(EXERCISE INSTRUCTIONS) With the pictures excluded, output only the lines from the one containing "Lush backyard with" through the last line of the entries, unchanged.

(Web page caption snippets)
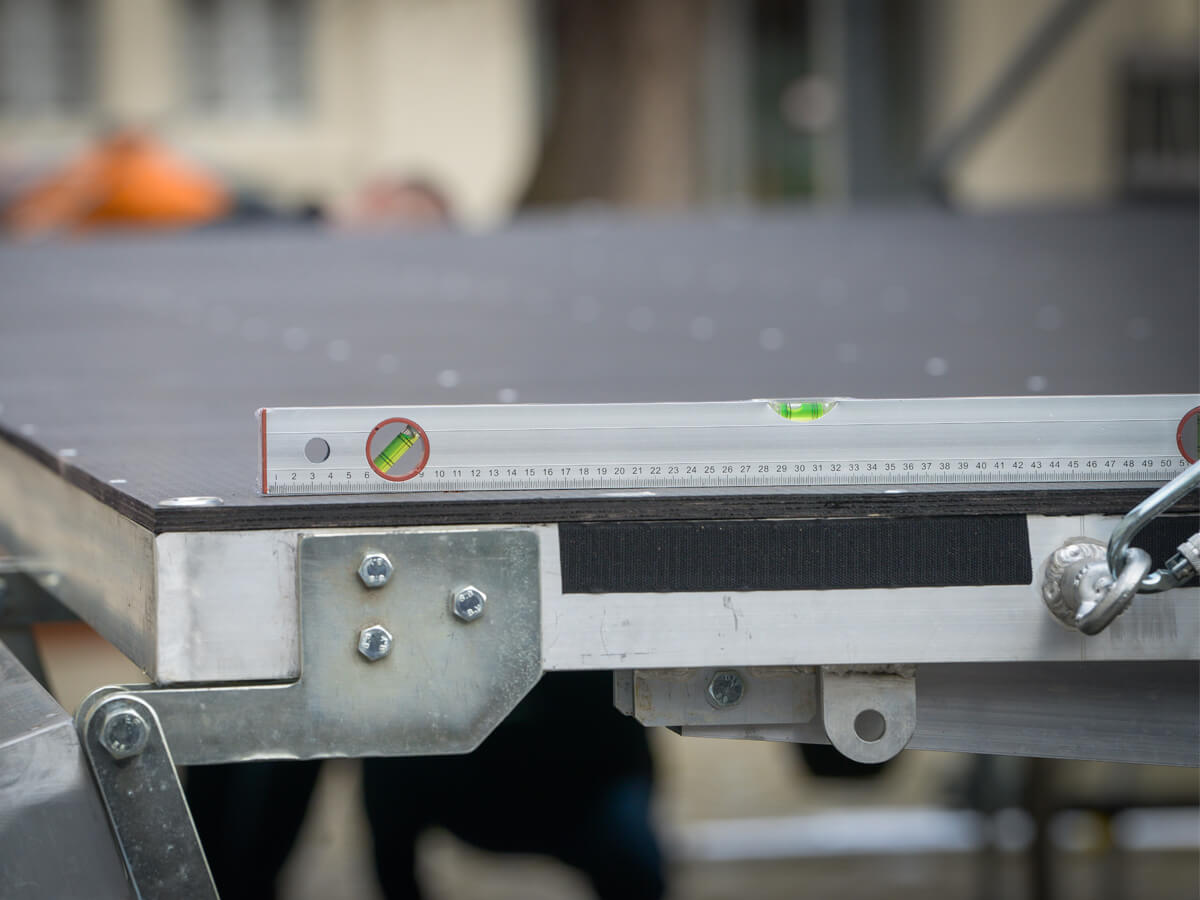 Ausrichten von Bühnenboden mit Wasserwaage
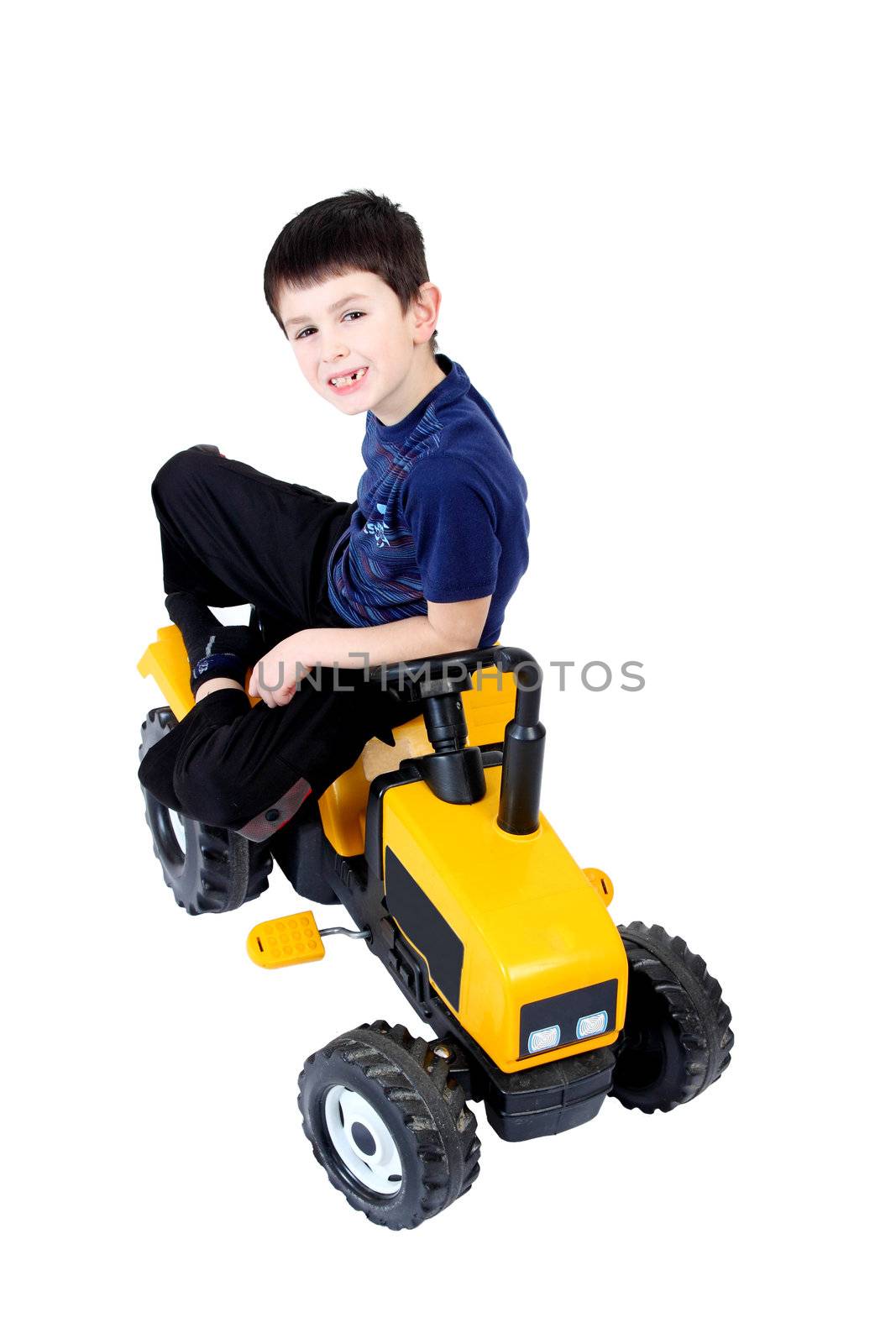 small boy on the yellow tractor by artush
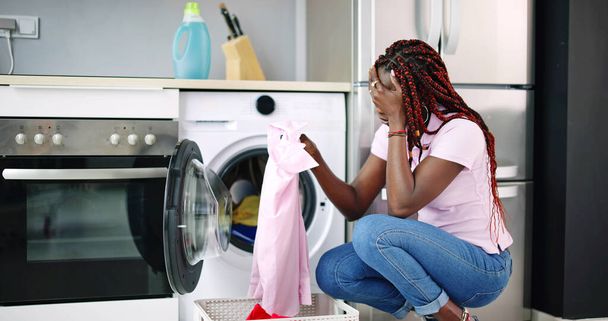 Mladá žena, krčí se vyčistit oblečení poblíž elektronická pračka - Fotografie, Obrázek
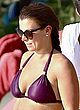 Coleen Rooney busty in skimpy purple bikini pics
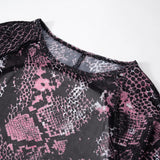 Mono de manga larga con estampado de piel de serpiente y malla transparente 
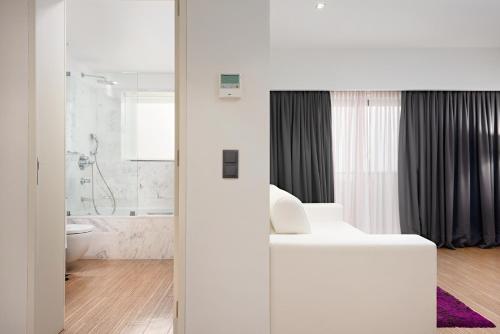 a white bathroom with a toilet and a sink at Hotel dos Zimbros in Sesimbra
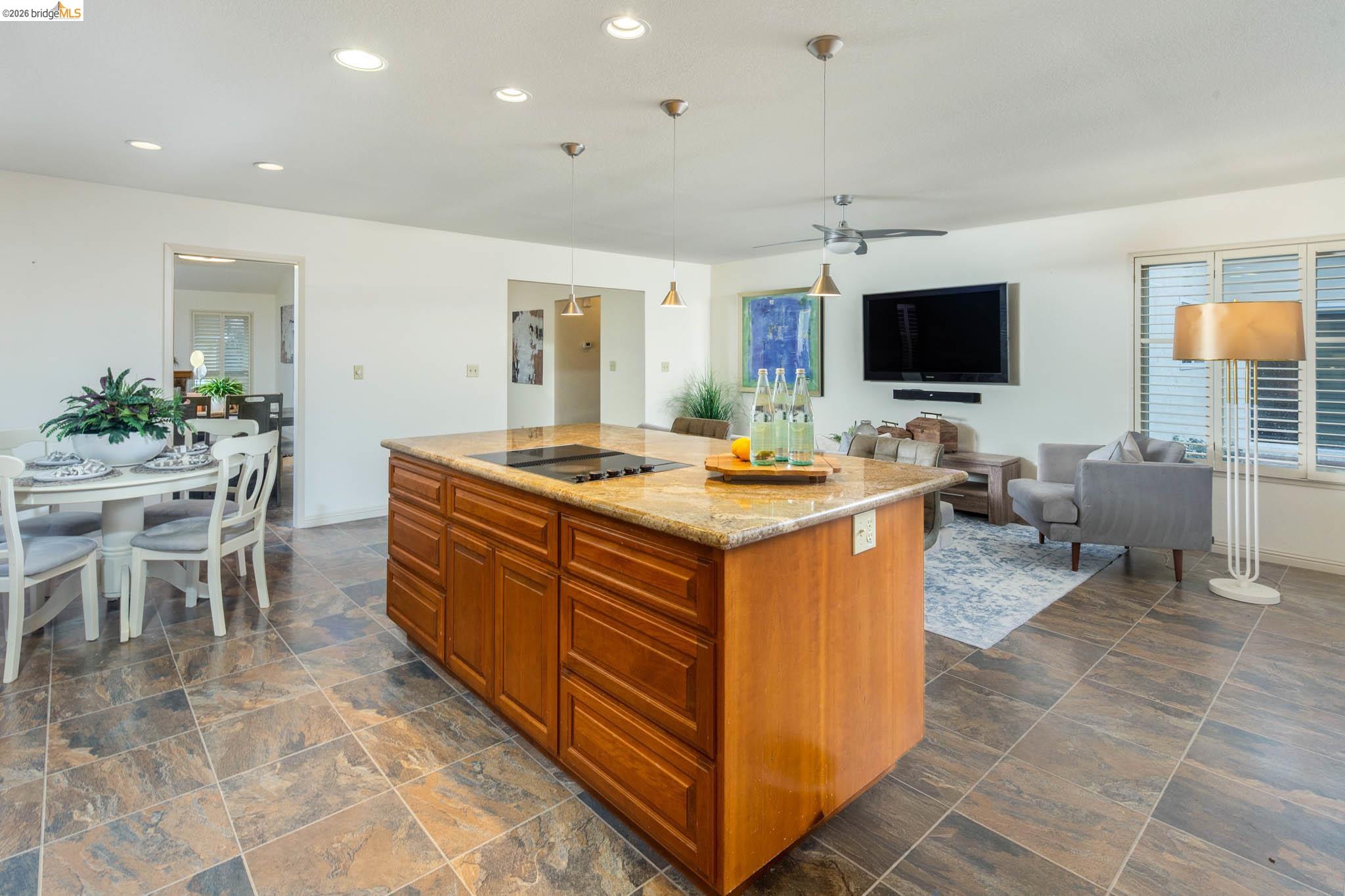 3237 Veracruz Drive San Ramon, CA 94583 - Photo 24 of 59 a room with furniture a flat screen tv and kitchen view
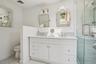 Bathroom featuring wainscoting, toilet, a shower stall, and double vanity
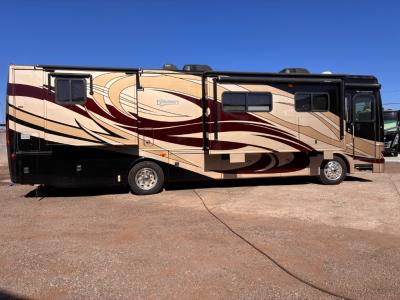 Passenger side with 2 slides, awning toppers, 17' power awning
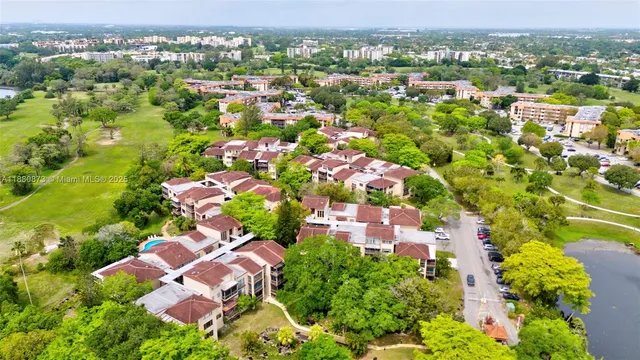 an aerial view of multiple houses with yard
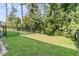 Lush backyard with well-maintained lawn and privacy fence, perfect for outdoor enjoyment at 493 Trotters Ln, Moncks Corner, SC 29461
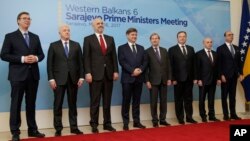 From left, Prime Ministers Aleksandar Vucic (Serbia), Dusko Markovic (Montenegro), Edi Rama (Albania), Denis Zvizdic (Bosnia), EU Commissioner for Enlargement Johannes Hahn, Emil Dimitriev (Macedonia), Isa Mustafa (Kosovo) and Italian Foreign Minister Angelino Alfano poses for photo during a summit of Western Balkan leaders in Sarajevo, Bosnia, March 16, 2017. 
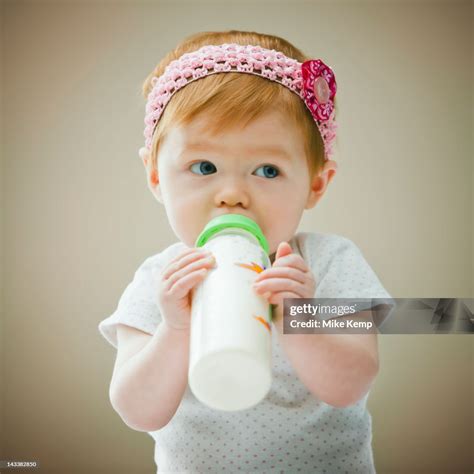 Caucasian Baby Girl Drinking Bottle High Res Stock Photo Getty Images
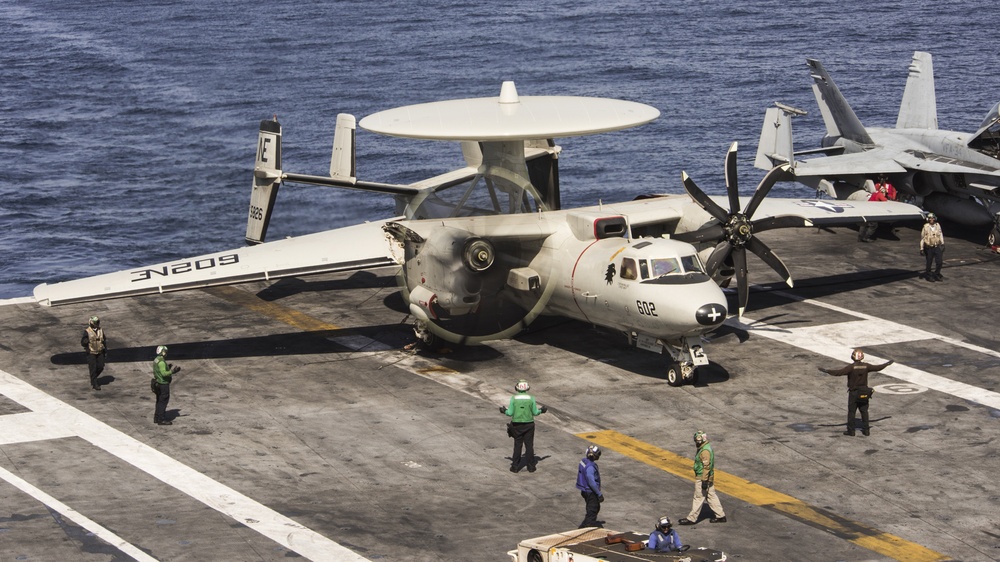Sailors perform pre-flight checks on an E-2C Hawkeye from the “Black Eagles” of Carrier Airborne Early Warning Squadron (VAW) 113 aboard the Nimitz-class aircraft carrier USS Carl Vinson (CVN 70)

(EXERCISE SOLUTION)
 Lush backyard with well-maintained lawn and privacy fence, perfect for outdoor enjoyment at 493 Trotters Ln, Moncks Corner, SC 29461
 From left, Prime Ministers Aleksandar Vucic (Serbia), Dusko Markovic (Montenegro), Edi Rama (Albania), Denis Zvizdic (Bosnia), EU Commissioner for Enlargement Johannes Hahn, Emil Dimitriev (Macedonia), Isa Mustafa (Kosovo) and Italian Foreign Minister Angelino Alfano poses for photo during a summit of Western Balkan leaders in Sarajevo, Bosnia, March 16, 2017. 
 Caucasian Baby Girl Drinking Bottle High Res Stock Photo Getty Images
Sailors perform pre-flight checks on an E-2C Hawkeye from the “Black Eagles” of Carrier Airborne Early Warning Squadron (VAW) 113 aboard the Nimitz-class aircraft carrier USS Carl Vinson (CVN 70)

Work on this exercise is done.